By Dan Lalande
Open your eyes, Ottawans: You’re living in an art gallery!
The route to where you work, the places where you enjoy your after-hours activities and the public spaces that you frequent are teeming with original creations by the top tier of the city’s visual arts community.

Yes, you’ll find these works in the city’s regional art galleries, but also at transit stations, community centres and libraries, in addition to the streets, sidewalks and parks that surround them. Almost every available inch of public space doubles as a showcase for permanent or temporary artworks.
Wait for a bus downtown and find yourself in the company of Anna Frlan’s The Navigators (Bees, Birds and Butterflies), an avian perspective on designated bus routes; stop at the Rideau West Concourse LRT station, home of Corridor 45|75, and catch Coalescence: Selections from the City of Ottawa Art Collection, a celebratory sampler of city-supported art work; travel to Kanata’s Monahan Wetlands and see Laura Taler’s recently installed MONAHAN, a 20-minute listening experience combining auditory media, nature and technology.

This city-wide vernissage is a deep, abiding commitment by the City of Ottawa Public Art Program, an initiative commemorating its 40th anniversary. In 1985, then-Mayor Marion Dewar greenlit a proposal put forth five years earlier by the visual arts policy advisory committee. The goal was to strengthen Ottawa’s visual arts community by subsidizing and displaying the works of its members, rescuing them from small or ad hoc spaces to bring them, as fully as possible, to the people.
Once a consortium of federal agencies came on board, including the National Capital Commission, the Department of Public Works, the National Gallery and the Canada Council for the Arts, local artists set about enthusiastically proposing ideas for murals, installations and other forms of aesthetic investigation.
As Katherine Ingrey, the program’s current portfolio manager explains, “The newly formed program built a base for local artworks.
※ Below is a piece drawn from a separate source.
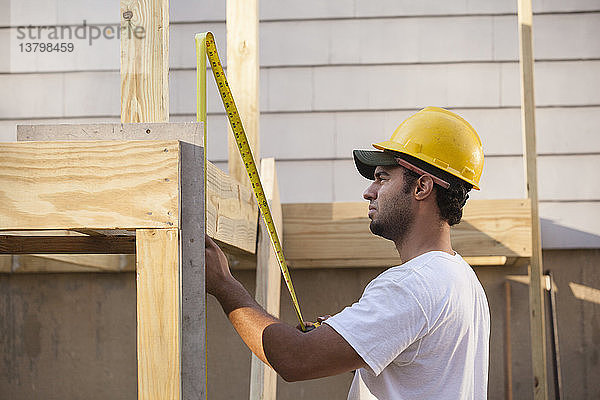 Hispanischer Zimmermann misst Terrassenbalken mit einziehbarem Lineal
It created a peer selection jury process that established the City of Ottawa Art Collection, facilitated the direct purchase and commissioning of artwork and encouraged the exhibition of local and regional artists.”

The OPA, as it’s known, pays artists exhibition fees for work selected to appear at any of the city’s three municipal galleries: the City Hall Art Gallery, the Karsh-Masson Gallery and Corridor 45|75. Artwork purchased outright is bought through the OAP’s direct purchase program. The money comes from municipal coffers, including one percent collected from all new eligible development projects with a construction budget of over $2 million. Occasionally, the program also receives offers of money or artwork from interested donors.
The peer assessment jury behind it all judges existing or proposed work based on artistic merit, regional importance, innovation, conservation and maintenance requirements.
The program has proven such a success, it currently holds more artwork than it can display. To address this conundrum, a Recent Additions to the City of Ottawa Art Collection exhibition is held annually at one of the three regional gallery spaces. And this year, there’s that additional, celebratory exhibition called Coalescence. Featuring reproductions of 40 artworks, it’s a tribute to the artists who have contributed to the success of the program over the past 40 years.

The show runs through July 6 and you’ll find Corridor 45|75, an underground art space, at the Rideau Station on the O-Train Line 1, in the West Concourse – Level 2 near the Rideau Centre entrance. It’s accessible through the Sussex Drive and Rideau Street entrances, and admission is free.
“The talent in this city is amazing,” says Ingrey. “Making artwork accessible to everyone in every walk of life is such a great contribution to the city, one that’s necessary for the future.”